> **Requirement**
Copy the lines exactly as they appear, starting with the first line of the records and ending with the line that contains "Cato Cream Floral Crochet Yoke V-Neck Blouse".

> **Records provided**
==========
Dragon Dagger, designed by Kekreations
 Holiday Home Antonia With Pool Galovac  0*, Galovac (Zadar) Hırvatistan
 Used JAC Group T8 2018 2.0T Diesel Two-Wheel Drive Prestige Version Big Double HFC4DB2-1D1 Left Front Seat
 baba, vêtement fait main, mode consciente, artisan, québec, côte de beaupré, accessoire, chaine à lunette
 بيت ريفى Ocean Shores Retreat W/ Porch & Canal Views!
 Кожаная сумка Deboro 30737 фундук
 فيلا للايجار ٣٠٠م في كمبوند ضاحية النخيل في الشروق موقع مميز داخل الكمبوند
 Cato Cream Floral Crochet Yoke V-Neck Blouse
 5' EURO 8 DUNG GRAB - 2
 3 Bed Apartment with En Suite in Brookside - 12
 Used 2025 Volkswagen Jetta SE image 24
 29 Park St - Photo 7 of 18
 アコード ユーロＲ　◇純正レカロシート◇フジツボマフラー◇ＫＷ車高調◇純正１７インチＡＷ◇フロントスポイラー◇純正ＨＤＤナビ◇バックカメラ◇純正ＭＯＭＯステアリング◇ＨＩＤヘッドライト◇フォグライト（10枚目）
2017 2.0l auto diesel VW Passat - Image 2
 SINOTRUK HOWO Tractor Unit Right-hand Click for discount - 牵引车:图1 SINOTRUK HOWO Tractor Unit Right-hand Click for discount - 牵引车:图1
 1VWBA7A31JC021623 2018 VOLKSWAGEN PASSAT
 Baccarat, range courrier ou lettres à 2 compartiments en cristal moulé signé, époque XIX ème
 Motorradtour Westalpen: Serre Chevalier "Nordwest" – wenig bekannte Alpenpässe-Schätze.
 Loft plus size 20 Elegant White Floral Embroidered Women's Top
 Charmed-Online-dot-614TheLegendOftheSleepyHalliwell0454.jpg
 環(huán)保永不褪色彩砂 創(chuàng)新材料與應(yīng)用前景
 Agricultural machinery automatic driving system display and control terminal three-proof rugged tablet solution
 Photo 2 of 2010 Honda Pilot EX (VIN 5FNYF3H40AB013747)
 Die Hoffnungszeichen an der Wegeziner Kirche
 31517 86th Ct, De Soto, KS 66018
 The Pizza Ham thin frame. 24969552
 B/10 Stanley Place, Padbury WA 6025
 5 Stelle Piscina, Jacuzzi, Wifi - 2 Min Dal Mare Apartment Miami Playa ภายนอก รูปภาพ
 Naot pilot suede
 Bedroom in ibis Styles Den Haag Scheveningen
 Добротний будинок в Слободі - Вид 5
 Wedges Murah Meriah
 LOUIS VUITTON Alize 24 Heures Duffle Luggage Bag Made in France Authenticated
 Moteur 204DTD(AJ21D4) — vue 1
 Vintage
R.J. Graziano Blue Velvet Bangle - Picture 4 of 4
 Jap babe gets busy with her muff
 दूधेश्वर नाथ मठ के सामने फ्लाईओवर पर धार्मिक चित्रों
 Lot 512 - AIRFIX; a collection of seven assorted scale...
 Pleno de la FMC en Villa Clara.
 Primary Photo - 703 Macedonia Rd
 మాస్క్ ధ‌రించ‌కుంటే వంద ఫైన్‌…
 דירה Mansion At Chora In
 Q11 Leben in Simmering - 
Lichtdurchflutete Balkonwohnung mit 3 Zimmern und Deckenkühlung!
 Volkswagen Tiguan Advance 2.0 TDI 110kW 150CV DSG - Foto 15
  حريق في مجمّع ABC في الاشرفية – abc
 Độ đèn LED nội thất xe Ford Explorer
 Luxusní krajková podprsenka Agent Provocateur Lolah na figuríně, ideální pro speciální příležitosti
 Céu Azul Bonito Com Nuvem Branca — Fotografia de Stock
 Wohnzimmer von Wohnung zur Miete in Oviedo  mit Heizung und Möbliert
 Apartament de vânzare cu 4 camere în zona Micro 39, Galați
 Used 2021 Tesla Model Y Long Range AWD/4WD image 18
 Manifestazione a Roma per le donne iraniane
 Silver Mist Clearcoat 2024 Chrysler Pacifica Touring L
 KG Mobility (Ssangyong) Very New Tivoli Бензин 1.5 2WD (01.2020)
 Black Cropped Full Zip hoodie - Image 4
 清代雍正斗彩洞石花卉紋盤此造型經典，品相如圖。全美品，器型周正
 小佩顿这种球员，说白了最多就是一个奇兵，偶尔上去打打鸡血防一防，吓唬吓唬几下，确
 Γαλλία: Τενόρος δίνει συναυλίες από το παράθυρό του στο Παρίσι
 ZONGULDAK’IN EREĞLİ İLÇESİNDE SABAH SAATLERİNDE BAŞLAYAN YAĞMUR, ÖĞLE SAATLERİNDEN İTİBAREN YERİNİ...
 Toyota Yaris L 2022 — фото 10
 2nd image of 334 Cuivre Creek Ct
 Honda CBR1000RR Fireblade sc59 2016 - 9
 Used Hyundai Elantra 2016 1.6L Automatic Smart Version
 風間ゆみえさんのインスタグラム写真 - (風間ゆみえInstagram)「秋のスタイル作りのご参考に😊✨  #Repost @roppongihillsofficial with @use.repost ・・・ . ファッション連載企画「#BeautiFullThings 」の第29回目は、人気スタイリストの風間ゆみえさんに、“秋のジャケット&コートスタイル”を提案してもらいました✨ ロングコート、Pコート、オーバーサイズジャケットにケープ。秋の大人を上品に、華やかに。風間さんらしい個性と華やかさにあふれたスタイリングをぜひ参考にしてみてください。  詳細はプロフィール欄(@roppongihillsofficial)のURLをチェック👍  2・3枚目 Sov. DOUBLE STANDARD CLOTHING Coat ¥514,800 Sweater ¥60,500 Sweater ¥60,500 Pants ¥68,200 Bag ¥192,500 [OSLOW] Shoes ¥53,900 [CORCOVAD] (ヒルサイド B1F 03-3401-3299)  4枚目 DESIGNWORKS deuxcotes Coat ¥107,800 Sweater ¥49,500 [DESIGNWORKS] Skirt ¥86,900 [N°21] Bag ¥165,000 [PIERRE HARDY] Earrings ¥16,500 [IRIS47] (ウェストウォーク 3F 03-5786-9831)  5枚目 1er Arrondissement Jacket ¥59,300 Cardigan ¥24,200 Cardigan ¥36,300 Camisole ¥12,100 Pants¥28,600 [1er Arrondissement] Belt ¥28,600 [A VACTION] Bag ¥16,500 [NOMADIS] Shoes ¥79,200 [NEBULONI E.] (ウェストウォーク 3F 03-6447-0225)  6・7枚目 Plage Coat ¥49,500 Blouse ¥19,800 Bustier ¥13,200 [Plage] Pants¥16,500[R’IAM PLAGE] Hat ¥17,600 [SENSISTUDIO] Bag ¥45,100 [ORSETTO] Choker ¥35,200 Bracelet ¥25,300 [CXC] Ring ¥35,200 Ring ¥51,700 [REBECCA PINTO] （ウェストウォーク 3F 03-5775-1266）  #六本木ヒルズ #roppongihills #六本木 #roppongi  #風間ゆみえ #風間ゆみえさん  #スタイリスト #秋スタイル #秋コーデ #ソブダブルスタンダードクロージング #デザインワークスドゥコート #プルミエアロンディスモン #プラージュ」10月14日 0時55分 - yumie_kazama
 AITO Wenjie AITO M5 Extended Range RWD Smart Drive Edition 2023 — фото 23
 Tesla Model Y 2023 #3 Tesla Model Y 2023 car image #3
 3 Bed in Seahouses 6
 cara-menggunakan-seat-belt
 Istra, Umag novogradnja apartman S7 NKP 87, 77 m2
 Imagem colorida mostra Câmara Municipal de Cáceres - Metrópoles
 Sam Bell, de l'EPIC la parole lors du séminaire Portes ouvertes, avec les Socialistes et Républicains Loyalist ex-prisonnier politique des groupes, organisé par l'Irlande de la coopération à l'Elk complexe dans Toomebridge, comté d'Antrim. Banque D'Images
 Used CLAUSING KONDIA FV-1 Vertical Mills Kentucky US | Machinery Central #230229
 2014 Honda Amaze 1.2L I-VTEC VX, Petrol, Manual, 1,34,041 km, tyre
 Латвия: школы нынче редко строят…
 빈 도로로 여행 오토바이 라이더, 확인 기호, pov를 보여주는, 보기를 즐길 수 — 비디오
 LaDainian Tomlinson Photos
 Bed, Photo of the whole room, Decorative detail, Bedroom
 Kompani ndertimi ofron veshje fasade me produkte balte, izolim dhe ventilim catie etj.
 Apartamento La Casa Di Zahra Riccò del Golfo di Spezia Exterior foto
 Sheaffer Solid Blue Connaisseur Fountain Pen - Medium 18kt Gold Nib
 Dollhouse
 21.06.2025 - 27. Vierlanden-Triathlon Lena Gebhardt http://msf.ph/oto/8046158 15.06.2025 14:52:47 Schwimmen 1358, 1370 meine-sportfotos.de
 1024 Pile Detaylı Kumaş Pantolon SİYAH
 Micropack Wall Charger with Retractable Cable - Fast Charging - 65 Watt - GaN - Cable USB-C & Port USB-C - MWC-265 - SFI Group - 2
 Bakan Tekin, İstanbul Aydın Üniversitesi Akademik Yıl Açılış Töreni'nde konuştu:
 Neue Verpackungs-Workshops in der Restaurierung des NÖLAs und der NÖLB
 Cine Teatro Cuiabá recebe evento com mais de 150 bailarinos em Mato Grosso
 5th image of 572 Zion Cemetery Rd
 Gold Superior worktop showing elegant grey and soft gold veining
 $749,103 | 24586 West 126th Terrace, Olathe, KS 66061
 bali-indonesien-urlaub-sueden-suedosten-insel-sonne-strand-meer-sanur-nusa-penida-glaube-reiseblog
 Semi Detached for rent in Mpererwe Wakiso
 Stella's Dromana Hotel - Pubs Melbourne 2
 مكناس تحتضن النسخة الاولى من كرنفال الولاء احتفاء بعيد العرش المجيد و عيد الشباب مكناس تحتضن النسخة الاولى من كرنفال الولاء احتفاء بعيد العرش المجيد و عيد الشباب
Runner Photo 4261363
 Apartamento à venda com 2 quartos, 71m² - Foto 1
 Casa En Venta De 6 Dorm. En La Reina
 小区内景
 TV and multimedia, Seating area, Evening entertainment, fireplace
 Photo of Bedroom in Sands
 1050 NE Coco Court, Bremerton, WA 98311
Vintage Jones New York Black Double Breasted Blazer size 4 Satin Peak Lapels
==========
> **Solution**
Dragon Dagger, designed by Kekreations
 Holiday Home Antonia With Pool Galovac  0*, Galovac (Zadar) Hırvatistan
 Used JAC Group T8 2018 2.0T Diesel Two-Wheel Drive Prestige Version Big Double HFC4DB2-1D1 Left Front Seat
 baba, vêtement fait main, mode consciente, artisan, québec, côte de beaupré, accessoire, chaine à lunette
 بيت ريفى Ocean Shores Retreat W/ Porch & Canal Views!
 Кожаная сумка Deboro 30737 фундук
 فيلا للايجار ٣٠٠م في كمبوند ضاحية النخيل في الشروق موقع مميز داخل الكمبوند
 Cato Cream Floral Crochet Yoke V-Neck Blouse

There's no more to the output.